Where do my students always have questions?
For their first writing assignment in Junior Year Writing seminar, students always have a number of questions: How long should it be, what are you looking for, how it will be graded …? While the professor has always answered these questions thoroughly in class, she still gets follow-up questions in emails or requests to review drafts ahead of time. While she has always attributed these questions to the fact that it’s the first writing assignment of the course, she has begun to wonder if she can do just “one more thing” to help lessen student anxiety and confusion.
One more thing: Talking with a trusted colleague in his department, the professor realized that she has been providing expectations in different places and in fragments—over email, in class, or on Moodle. She also hasn’t clearly communicated the purpose of the assignment.

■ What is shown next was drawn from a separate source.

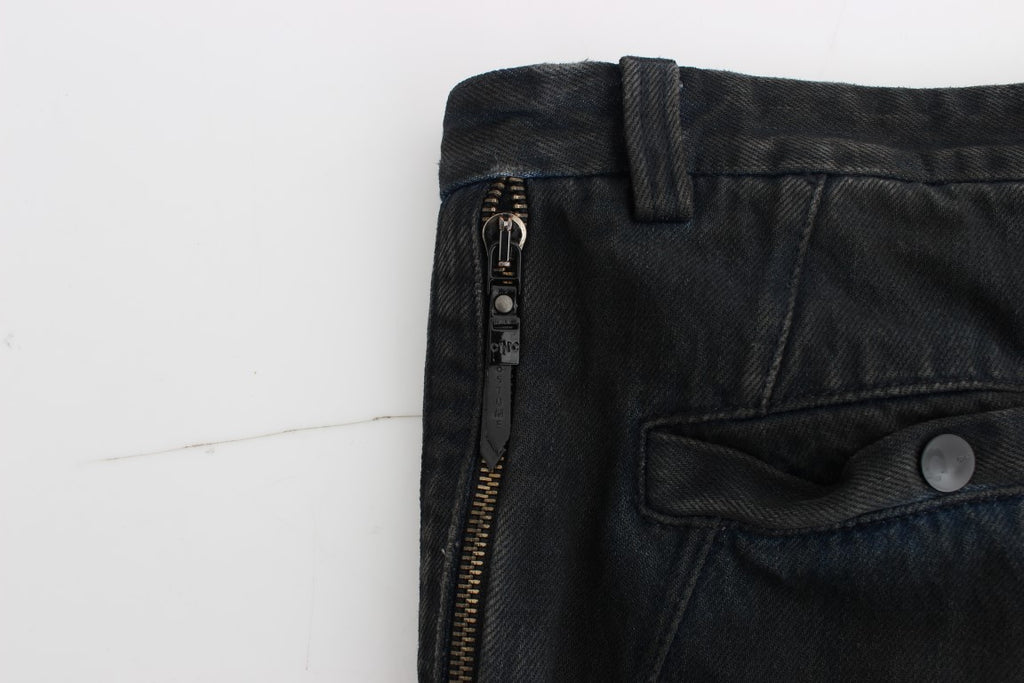 Blue Cotton Slim Pants Denim Jeans - X excelência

She decides to create one comprehensive document for assignment #1 following the Transparency in Teaching and Learning (TILT) format.
Where do they always get things wrong on tests or assignments?
In an Engineering Statics course, students constantly skip over the critical stage of drawing a free body diagram when solving a problem. The professor, who has students working in groups, finds that when students are stuck, she often just has to ask them to draw the free body diagram, and they can figure out the solution.
One more thing: Talking with a colleague in the Center for Teaching and Learning, the professor decides that she will split up group work into 2 stages: a free body diagram stage and then a problem-solving stage. After the free body diagram, students will compare their diagrams with that of another group or she will choose one to discuss as a class. Additionally, she decides that if a group of students wants to ask her a question, they will post a picture of their free body diagram in a collaborative online document which she then comments on and other students can see.
Where do they always ask for explanations in a different way than you provide?
In a psychology course, helping students understand the difference between a positive punishment (that decreases or maintains behavior by adding something undesirable) and negative reinforcement (that increases or maintains a behavior by taking something undesirable away) always requires multiple explanations, sometimes over many days.
One more thing: Writing in her teaching reflection journal, the professor decides that she will ask students to develop their own examples of positive punishment and negative reinforcement that they have seen in animal or childcare settings. She will let students know that some of the student examples will be included on the next assessment. After they come up with their examples in groups, the professor will randomly choose examples to present to the class. Class members will identify the type of reinforcement or punishment using an online student response system, and they will discuss the correct answers as a class. If examples are incorrect, the class will collaboratively rewrite them.